# [INSTRUCTIONS TO FOLLOW]
Restate, word for word, each entry that follows, but skip its pictures.

# [SOURCE DATA]
=== Section Start ===
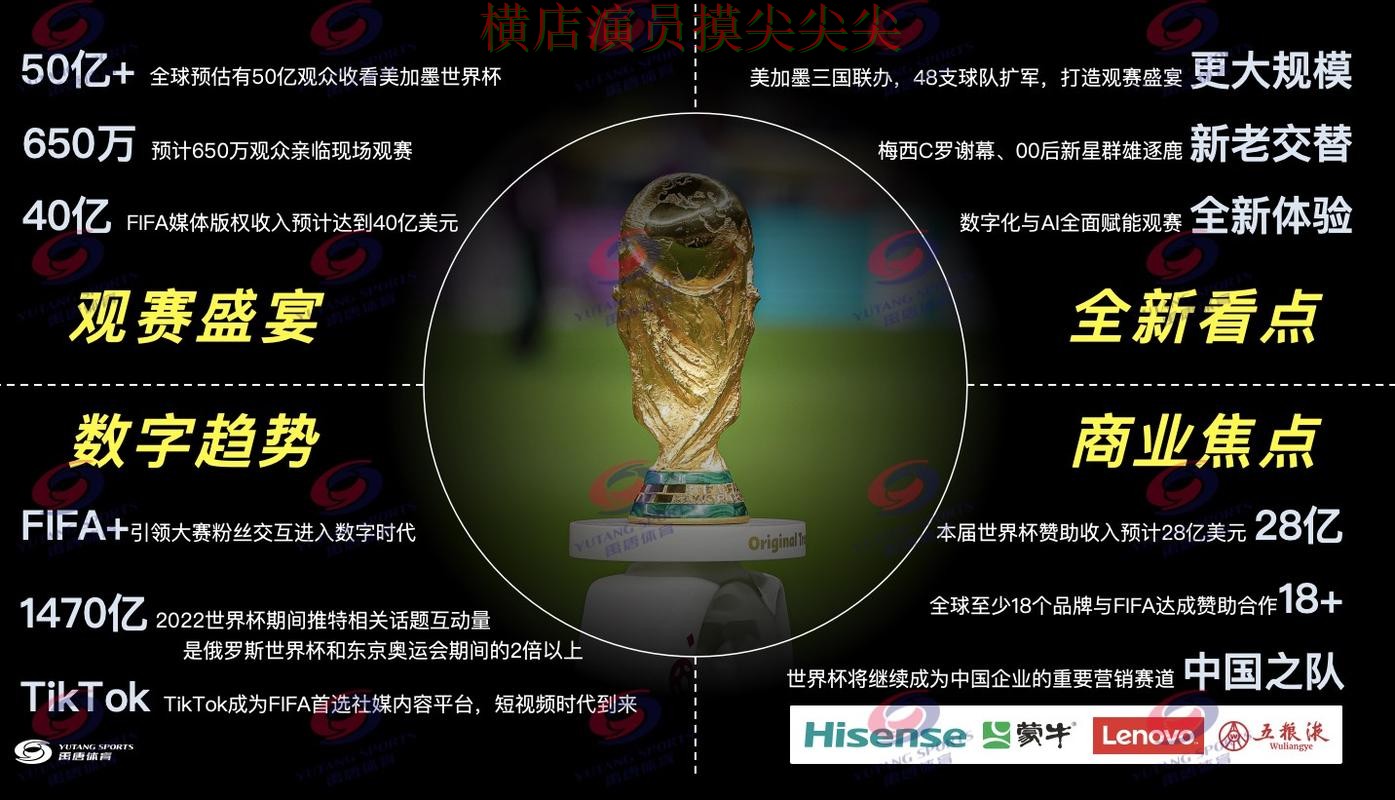 世界杯买球网站推荐报告：实时直播+直播与实际体验总结 - World Cup 2026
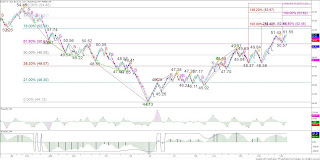 energy risk management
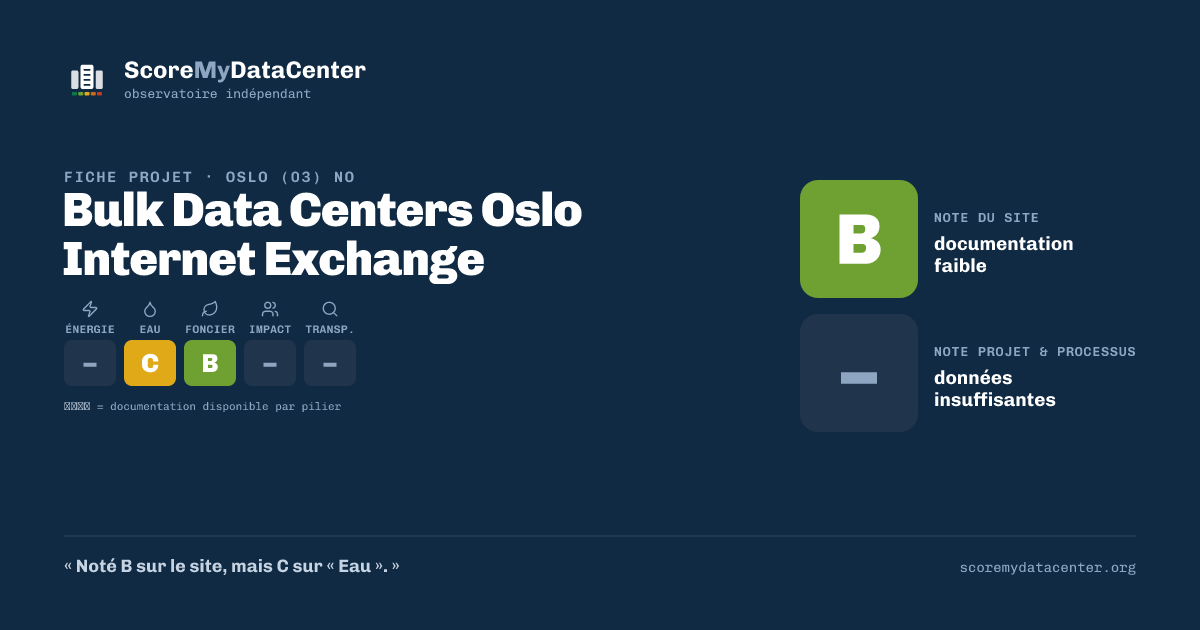 Carte de partage — Bulk Data Centers Oslo Internet Exchange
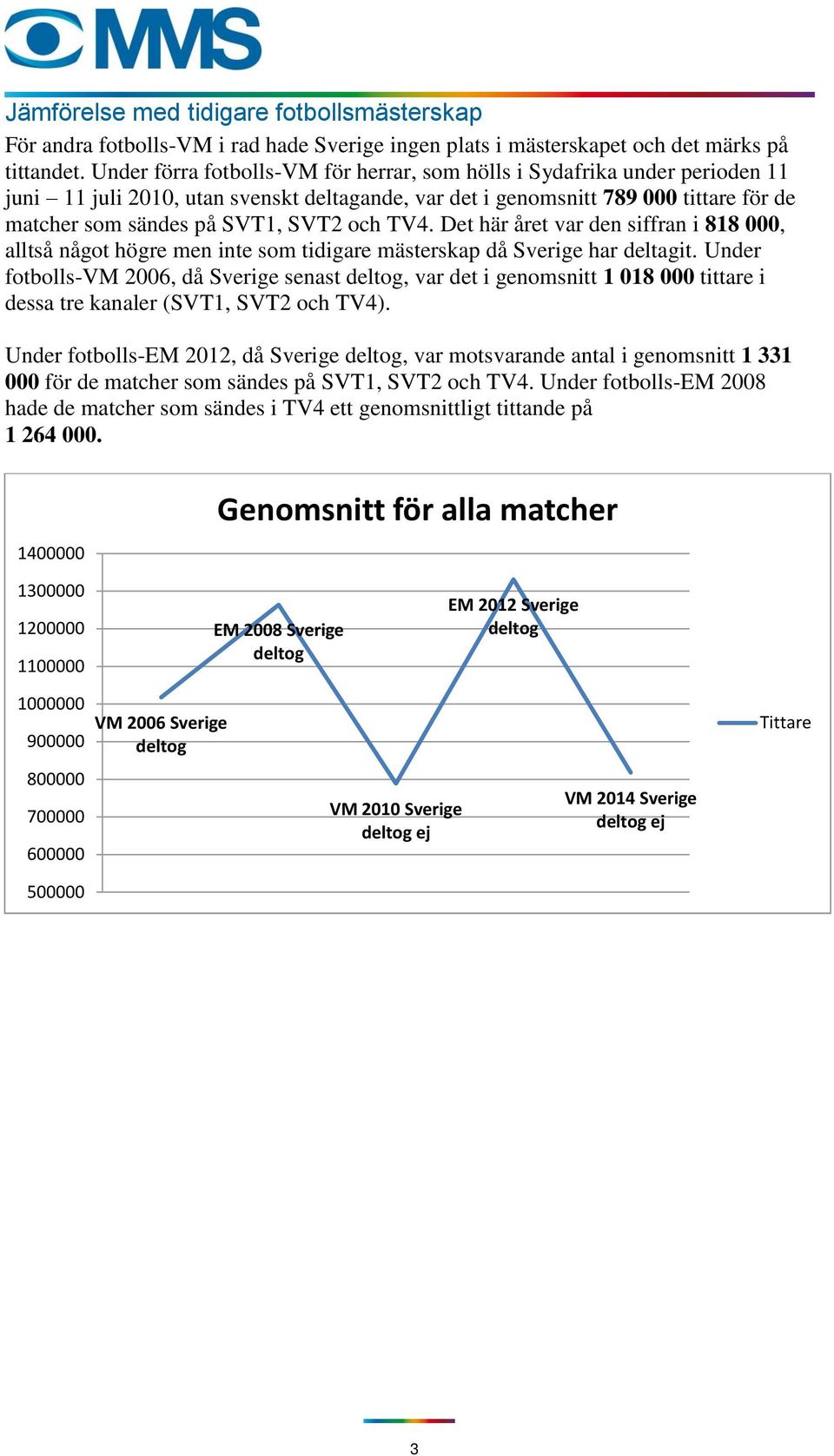 och TV4. Det här året var den siffran i 818 000, alltså något högre men inte som tidigare mästerskap då Sverige har deltagit.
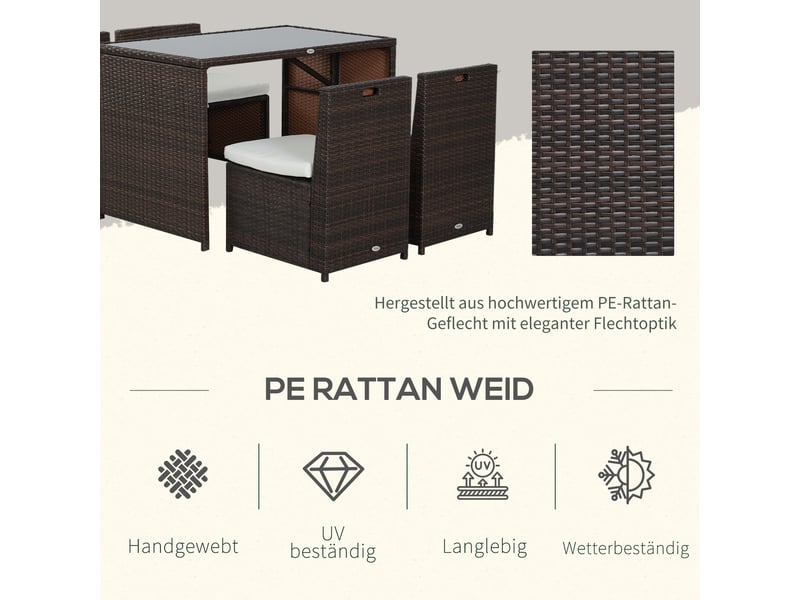  Salon de jardin 5 pièces polyrattan braun khaki avec table 4 chaises coussins terrasse balkon gartenmöbel wetterfest  - Conforama D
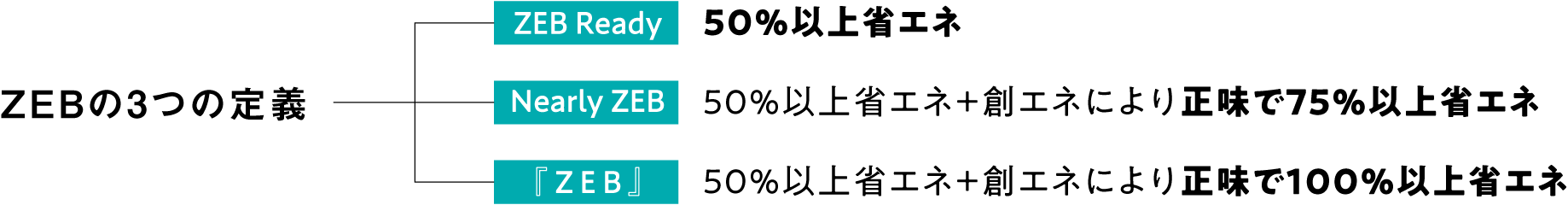 ZEBの3つの定義 ／ZEB Readyは50％以上省エネ／Nearly ZEBは50％以上省エネ＋創エネにより正味で75％以上省エネ／『ZEB』は50％以上省エネ＋創エネにより正味で100％以上省エネ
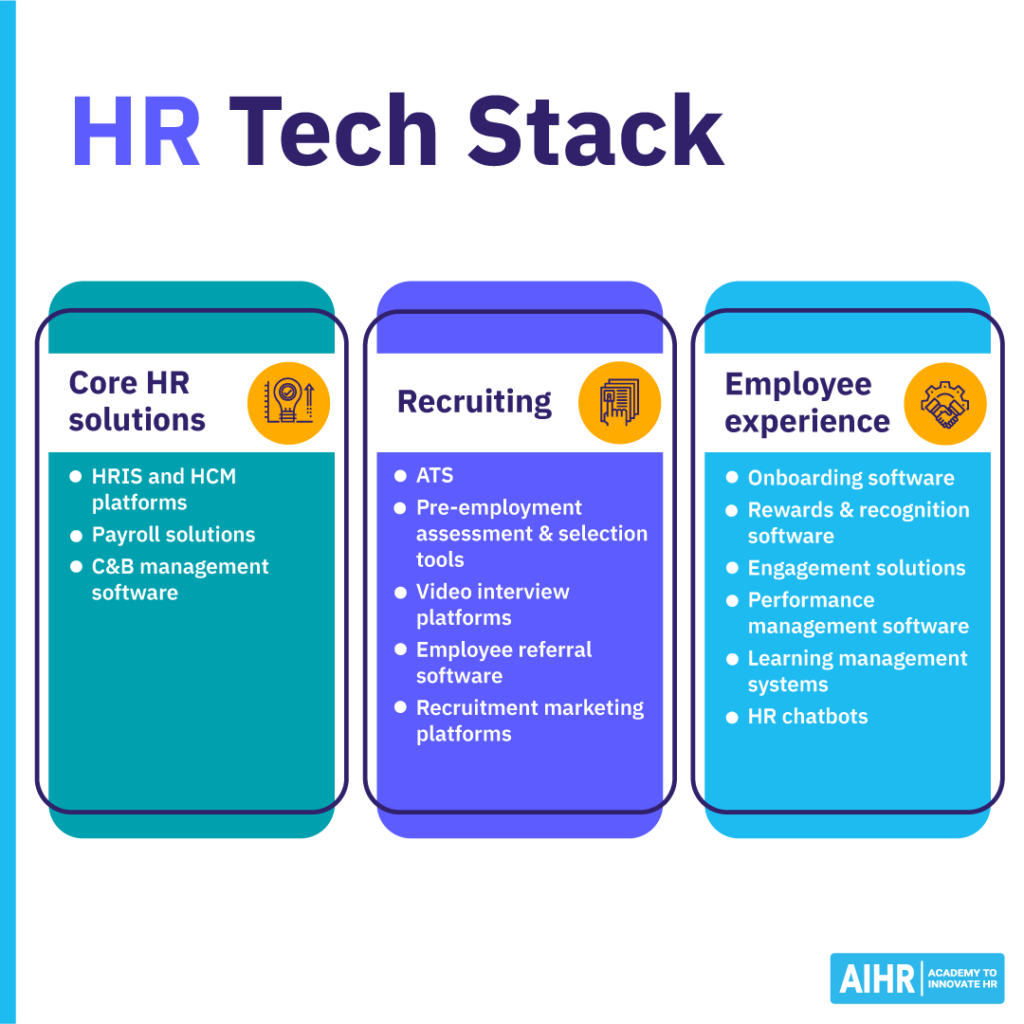 HR Tech Stack: Core HR (HRIS, payroll), recruiting (ATS, assessments), employee experience (onboarding, engagement).
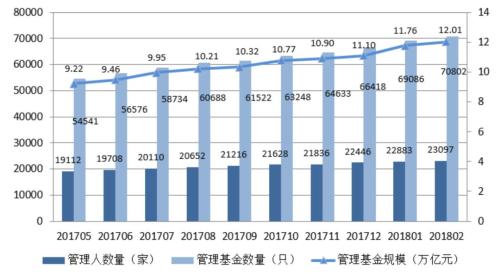 私募大发展不缺风险：规模首超12万亿元 万余家却被注销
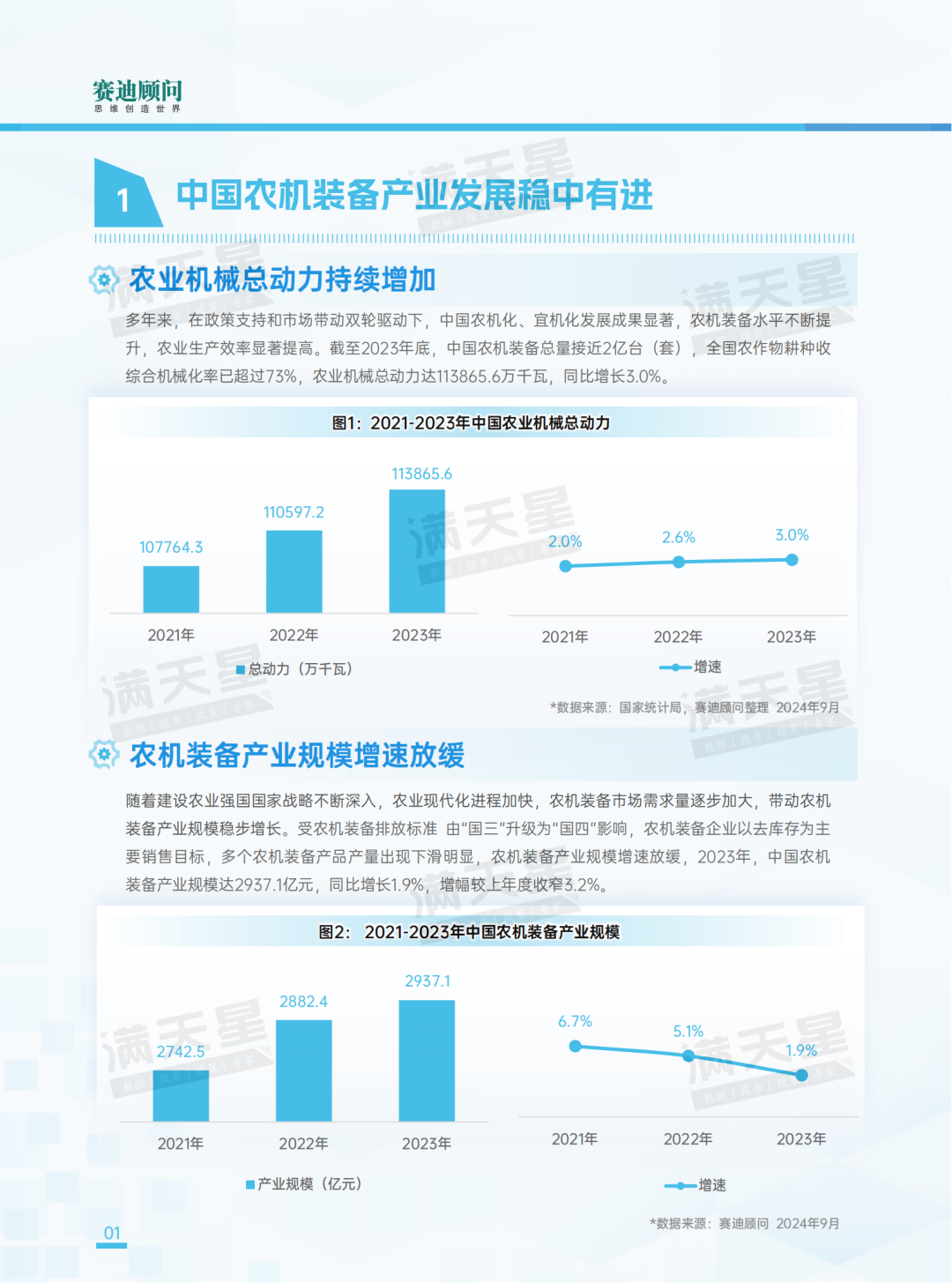 先进制造2024｜农机装备在农业强国战略实施、现代化农业推进中发挥重要作用（先进制造数解第7期第3篇）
=== Section End ===
# [EXERCISE RESULT]
 世界杯买球网站推荐报告：实时直播+直播与实际体验总结 - World Cup 2026
 energy risk management
 Carte de partage — Bulk Data Centers Oslo Internet Exchange
 och TV4. Det här året var den siffran i 818 000, alltså något högre men inte som tidigare mästerskap då Sverige har deltagit.
  Salon de jardin 5 pièces polyrattan braun khaki avec table 4 chaises coussins terrasse balkon gartenmöbel wetterfest  - Conforama D
 ZEBの3つの定義 ／ZEB Readyは50％以上省エネ／Nearly ZEBは50％以上省エネ＋創エネにより正味で75％以上省エネ／『ZEB』は50％以上省エネ＋創エネにより正味で100％以上省エネ
 HR Tech Stack: Core HR (HRIS, payroll), recruiting (ATS, assessments), employee experience (onboarding, engagement).
 私募大发展不缺风险：规模首超12万亿元 万余家却被注销
 先进制造2024｜农机装备在农业强国战略实施、现代化农业推进中发挥重要作用（先进制造数解第7期第3篇）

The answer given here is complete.